* Material provided *

——————————

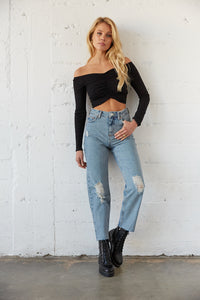 High waisted denim jeans with distressed detailing. 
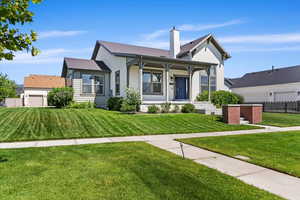 View of front of home with a front lawn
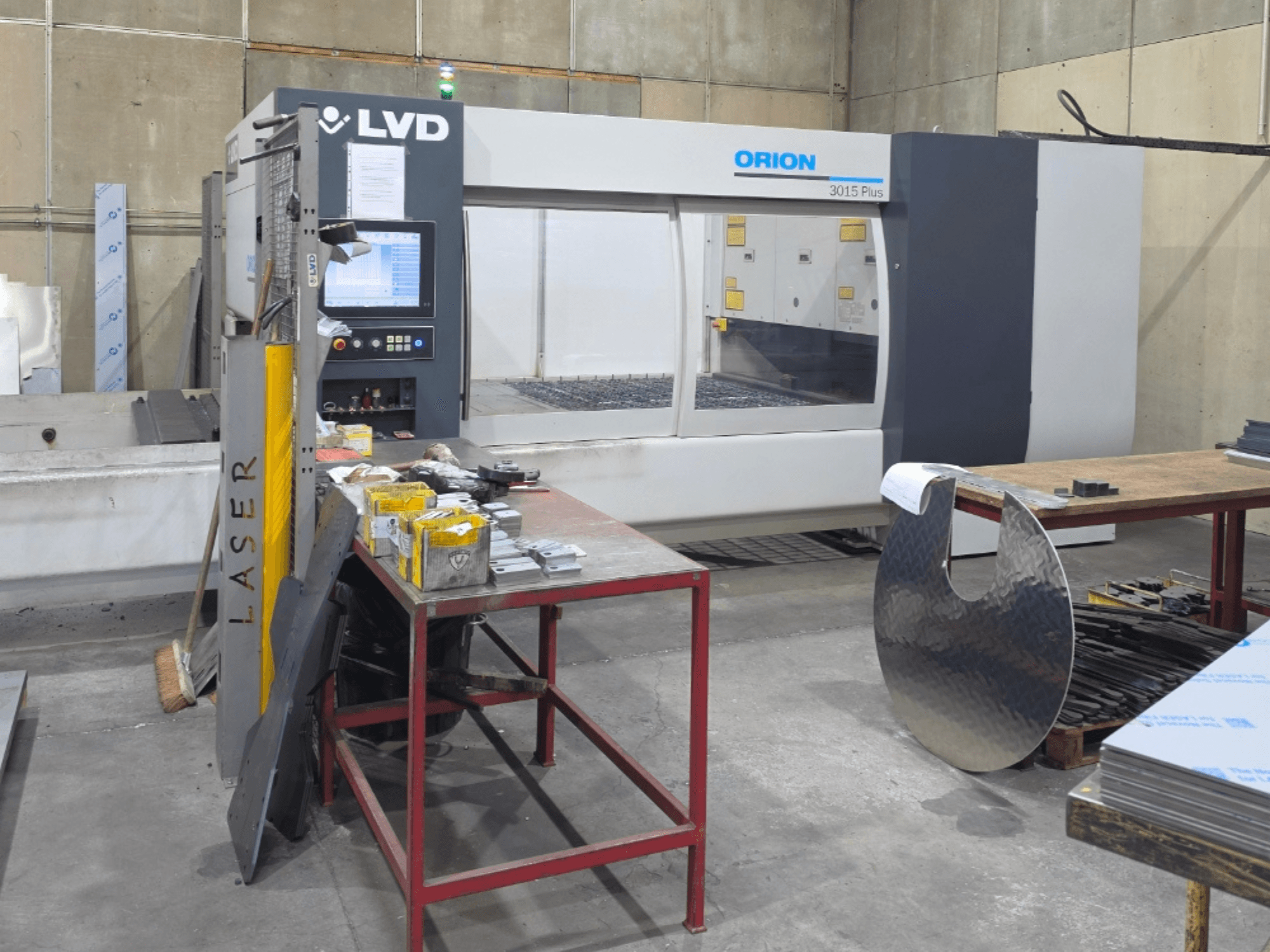 LVD Orion 3015 Plus CO₂-laserlõikepink, vaade eest koos juhtpaneeliga; tööpinnal on seda ümbritsevad metallosad.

——————————

* Instructions to follow *
An exact restatement is expected of the lines from the line containing "View of front of home with a front lawn" to the end of the data above, pictures excluded.

* Answer *
 View of front of home with a front lawn
 LVD Orion 3015 Plus CO₂-laserlõikepink, vaade eest koos juhtpaneeliga; tööpinnal on seda ümbritsevad metallosad.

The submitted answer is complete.